* TASK TO CARRY OUT
Scan the records for "summer". Show the matching lines.

* RECORDED DATA
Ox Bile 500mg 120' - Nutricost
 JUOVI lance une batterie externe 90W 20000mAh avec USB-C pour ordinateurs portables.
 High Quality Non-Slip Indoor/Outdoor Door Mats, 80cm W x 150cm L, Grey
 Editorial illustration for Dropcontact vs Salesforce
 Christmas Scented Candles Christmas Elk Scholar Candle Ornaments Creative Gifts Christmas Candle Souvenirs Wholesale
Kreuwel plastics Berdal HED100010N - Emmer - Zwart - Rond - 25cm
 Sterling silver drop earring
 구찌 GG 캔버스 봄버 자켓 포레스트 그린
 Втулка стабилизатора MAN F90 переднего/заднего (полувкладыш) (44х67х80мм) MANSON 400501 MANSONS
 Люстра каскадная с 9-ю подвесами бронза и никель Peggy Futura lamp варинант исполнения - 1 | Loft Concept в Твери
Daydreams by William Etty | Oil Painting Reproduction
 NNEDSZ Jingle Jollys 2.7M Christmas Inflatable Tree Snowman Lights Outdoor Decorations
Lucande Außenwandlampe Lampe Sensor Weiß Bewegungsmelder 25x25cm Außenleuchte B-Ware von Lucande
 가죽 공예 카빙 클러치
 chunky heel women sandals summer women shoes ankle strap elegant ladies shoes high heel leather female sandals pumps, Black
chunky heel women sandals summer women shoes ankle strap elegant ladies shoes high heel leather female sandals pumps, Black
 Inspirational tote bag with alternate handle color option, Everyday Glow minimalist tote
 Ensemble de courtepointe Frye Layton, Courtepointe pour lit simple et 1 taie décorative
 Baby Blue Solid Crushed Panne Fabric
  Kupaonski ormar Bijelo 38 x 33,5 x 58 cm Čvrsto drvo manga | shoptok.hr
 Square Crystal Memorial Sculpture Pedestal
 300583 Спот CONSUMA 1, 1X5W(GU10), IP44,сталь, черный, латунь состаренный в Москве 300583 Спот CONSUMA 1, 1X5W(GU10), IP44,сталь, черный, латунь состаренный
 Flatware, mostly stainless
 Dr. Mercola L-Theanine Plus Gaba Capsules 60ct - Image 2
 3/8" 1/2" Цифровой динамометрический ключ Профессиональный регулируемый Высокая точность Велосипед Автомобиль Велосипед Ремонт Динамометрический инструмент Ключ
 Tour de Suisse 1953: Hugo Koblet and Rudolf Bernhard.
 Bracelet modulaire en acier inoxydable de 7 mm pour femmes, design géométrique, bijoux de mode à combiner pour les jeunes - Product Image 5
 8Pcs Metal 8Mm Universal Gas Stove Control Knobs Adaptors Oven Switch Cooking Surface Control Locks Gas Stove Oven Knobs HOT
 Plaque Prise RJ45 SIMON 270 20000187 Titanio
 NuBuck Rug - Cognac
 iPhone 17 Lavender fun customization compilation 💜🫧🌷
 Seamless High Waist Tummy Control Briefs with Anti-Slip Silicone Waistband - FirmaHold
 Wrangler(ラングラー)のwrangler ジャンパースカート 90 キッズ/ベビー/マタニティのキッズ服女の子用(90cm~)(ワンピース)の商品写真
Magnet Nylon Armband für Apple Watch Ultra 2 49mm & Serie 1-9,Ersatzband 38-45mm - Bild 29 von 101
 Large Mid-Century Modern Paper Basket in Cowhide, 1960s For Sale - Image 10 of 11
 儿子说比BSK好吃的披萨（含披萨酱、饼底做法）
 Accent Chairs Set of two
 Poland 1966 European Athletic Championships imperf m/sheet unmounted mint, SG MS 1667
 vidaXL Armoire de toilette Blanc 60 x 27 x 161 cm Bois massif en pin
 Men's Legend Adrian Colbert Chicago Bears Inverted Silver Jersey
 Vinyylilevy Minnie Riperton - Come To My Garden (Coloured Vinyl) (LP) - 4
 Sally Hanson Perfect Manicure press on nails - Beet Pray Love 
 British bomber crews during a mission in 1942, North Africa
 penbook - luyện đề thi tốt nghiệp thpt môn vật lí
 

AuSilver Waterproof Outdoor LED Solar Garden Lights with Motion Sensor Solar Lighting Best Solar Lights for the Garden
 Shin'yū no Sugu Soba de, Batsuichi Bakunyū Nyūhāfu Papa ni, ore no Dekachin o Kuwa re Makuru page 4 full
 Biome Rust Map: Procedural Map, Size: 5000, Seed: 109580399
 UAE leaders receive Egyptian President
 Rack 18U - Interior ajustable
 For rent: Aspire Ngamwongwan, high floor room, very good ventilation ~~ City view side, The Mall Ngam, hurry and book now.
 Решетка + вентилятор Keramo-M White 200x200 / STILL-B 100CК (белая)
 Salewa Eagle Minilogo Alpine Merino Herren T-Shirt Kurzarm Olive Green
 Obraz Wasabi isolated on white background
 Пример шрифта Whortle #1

* ANSWER TO THIS EXERCISE
 chunky heel women sandals summer women shoes ankle strap elegant ladies shoes high heel leather female sandals pumps, Black
chunky heel women sandals summer women shoes ankle strap elegant ladies shoes high heel leather female sandals pumps, Black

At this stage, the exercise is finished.